#### ASSIGNMENT:
Starting at the first line of the listing below, repeat each line up to and including the one containing "Ściana z instalacją". Leave out pictures.

#### DATASET EXTRACT:

▬▬▬▬▬▬▬▬▬▬

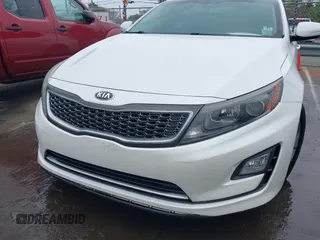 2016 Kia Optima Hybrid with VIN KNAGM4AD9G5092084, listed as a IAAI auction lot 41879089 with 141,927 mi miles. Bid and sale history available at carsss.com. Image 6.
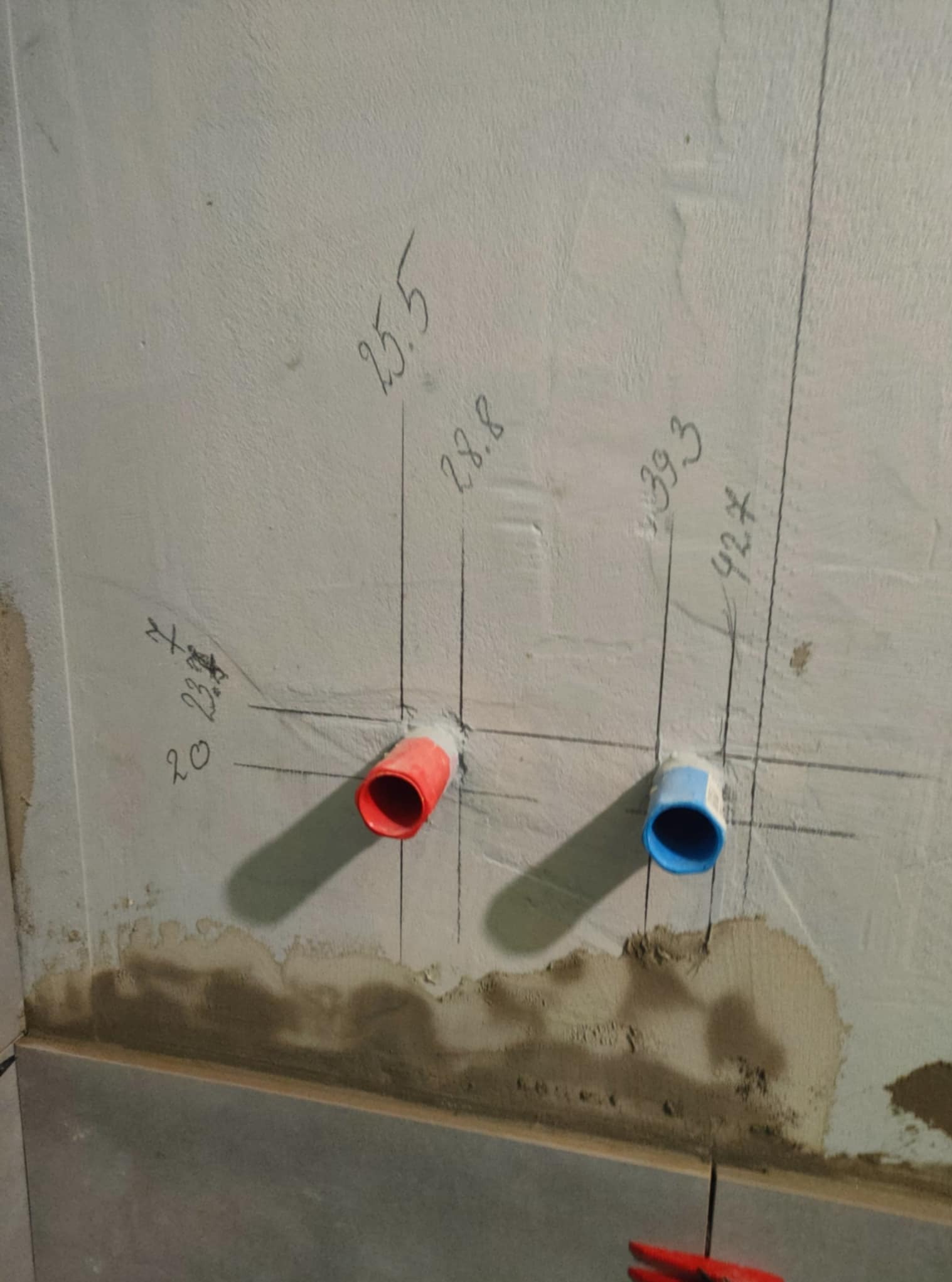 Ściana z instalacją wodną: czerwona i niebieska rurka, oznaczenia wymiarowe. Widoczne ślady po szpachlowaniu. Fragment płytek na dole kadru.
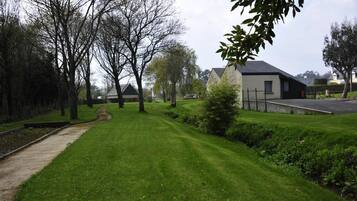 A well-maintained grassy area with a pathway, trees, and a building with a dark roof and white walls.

▬▬▬▬▬▬▬▬▬▬

#### ANSWER FOR THIS EXERCISE:
 2016 Kia Optima Hybrid with VIN KNAGM4AD9G5092084, listed as a IAAI auction lot 41879089 with 141,927 mi miles. Bid and sale history available at carsss.com. Image 6.
 Ściana z instalacją wodną: czerwona i niebieska rurka, oznaczenia wymiarowe. Widoczne ślady po szpachlowaniu. Fragment płytek na dole kadru.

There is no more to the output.